About this exercise
Below is a block of entries; repeat exactly the lines starting at the line that contains "Britto Art Decorative" and ending at the line that contains "New with Tags", both included.

Data extracts
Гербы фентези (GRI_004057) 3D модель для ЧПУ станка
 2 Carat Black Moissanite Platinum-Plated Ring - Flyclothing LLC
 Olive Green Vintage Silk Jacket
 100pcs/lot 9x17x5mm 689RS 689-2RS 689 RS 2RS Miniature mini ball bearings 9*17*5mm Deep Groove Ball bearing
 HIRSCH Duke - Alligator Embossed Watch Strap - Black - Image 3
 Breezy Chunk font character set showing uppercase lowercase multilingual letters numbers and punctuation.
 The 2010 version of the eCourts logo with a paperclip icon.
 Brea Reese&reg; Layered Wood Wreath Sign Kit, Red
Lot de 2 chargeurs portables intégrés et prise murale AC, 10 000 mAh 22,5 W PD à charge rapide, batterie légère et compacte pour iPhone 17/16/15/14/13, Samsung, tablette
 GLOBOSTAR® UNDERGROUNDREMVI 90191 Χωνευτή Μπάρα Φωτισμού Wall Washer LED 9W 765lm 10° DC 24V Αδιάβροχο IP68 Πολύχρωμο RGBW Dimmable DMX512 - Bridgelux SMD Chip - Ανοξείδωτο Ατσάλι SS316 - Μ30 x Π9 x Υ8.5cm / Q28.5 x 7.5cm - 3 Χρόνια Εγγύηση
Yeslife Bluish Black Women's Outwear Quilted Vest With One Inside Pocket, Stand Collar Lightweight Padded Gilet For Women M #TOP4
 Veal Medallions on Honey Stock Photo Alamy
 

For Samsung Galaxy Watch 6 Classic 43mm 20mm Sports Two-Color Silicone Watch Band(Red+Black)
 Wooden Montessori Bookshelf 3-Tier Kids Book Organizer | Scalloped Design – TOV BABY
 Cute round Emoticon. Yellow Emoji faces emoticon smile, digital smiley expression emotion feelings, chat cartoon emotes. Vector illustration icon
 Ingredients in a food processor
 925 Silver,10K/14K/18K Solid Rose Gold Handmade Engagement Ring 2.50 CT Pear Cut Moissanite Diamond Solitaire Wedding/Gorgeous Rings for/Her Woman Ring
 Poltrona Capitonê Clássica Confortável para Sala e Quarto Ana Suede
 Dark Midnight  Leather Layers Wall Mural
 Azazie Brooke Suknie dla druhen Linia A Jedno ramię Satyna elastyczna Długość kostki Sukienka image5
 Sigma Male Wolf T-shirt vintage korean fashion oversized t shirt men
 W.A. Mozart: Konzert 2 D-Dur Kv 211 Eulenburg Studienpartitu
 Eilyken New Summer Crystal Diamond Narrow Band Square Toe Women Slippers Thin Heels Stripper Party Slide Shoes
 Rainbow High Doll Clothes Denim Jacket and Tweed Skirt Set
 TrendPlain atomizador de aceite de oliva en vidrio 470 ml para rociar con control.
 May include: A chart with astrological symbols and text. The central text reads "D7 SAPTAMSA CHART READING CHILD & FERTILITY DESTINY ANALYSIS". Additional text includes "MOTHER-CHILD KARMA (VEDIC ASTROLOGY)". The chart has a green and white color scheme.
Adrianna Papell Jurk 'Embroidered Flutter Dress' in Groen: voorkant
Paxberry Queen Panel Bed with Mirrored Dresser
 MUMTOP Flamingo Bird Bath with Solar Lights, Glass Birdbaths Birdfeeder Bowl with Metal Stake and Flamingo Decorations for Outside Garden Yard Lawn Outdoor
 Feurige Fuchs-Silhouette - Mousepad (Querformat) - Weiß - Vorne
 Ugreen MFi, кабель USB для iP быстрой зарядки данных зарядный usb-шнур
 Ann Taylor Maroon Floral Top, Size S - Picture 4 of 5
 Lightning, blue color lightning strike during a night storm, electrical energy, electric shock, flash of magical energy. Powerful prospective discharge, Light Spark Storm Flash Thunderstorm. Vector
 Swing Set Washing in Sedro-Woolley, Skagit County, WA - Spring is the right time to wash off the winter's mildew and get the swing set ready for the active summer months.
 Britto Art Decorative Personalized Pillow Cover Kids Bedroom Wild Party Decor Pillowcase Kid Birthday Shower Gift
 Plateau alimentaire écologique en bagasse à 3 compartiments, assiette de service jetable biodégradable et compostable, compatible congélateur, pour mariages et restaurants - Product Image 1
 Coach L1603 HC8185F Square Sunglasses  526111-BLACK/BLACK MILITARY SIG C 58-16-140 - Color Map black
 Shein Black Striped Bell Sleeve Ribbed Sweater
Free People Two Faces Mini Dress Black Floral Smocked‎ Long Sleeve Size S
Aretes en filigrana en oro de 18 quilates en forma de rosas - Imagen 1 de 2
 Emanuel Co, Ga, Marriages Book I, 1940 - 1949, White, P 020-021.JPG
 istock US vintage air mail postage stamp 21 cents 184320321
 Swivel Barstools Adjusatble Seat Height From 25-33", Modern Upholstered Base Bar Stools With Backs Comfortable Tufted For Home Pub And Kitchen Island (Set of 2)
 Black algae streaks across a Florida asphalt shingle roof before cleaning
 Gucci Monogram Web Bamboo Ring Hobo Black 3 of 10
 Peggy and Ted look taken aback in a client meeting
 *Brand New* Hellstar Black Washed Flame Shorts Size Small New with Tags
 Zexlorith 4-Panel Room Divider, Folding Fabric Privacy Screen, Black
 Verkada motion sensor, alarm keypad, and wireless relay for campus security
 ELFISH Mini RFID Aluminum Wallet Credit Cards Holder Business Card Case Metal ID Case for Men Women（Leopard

Expected answer
 Britto Art Decorative Personalized Pillow Cover Kids Bedroom Wild Party Decor Pillowcase Kid Birthday Shower Gift
 Plateau alimentaire écologique en bagasse à 3 compartiments, assiette de service jetable biodégradable et compostable, compatible congélateur, pour mariages et restaurants - Product Image 1
 Coach L1603 HC8185F Square Sunglasses  526111-BLACK/BLACK MILITARY SIG C 58-16-140 - Color Map black
 Shein Black Striped Bell Sleeve Ribbed Sweater
Free People Two Faces Mini Dress Black Floral Smocked‎ Long Sleeve Size S
Aretes en filigrana en oro de 18 quilates en forma de rosas - Imagen 1 de 2
 Emanuel Co, Ga, Marriages Book I, 1940 - 1949, White, P 020-021.JPG
 istock US vintage air mail postage stamp 21 cents 184320321
 Swivel Barstools Adjusatble Seat Height From 25-33", Modern Upholstered Base Bar Stools With Backs Comfortable Tufted For Home Pub And Kitchen Island (Set of 2)
 Black algae streaks across a Florida asphalt shingle roof before cleaning
 Gucci Monogram Web Bamboo Ring Hobo Black 3 of 10
 Peggy and Ted look taken aback in a client meeting
 *Brand New* Hellstar Black Washed Flame Shorts Size Small New with Tags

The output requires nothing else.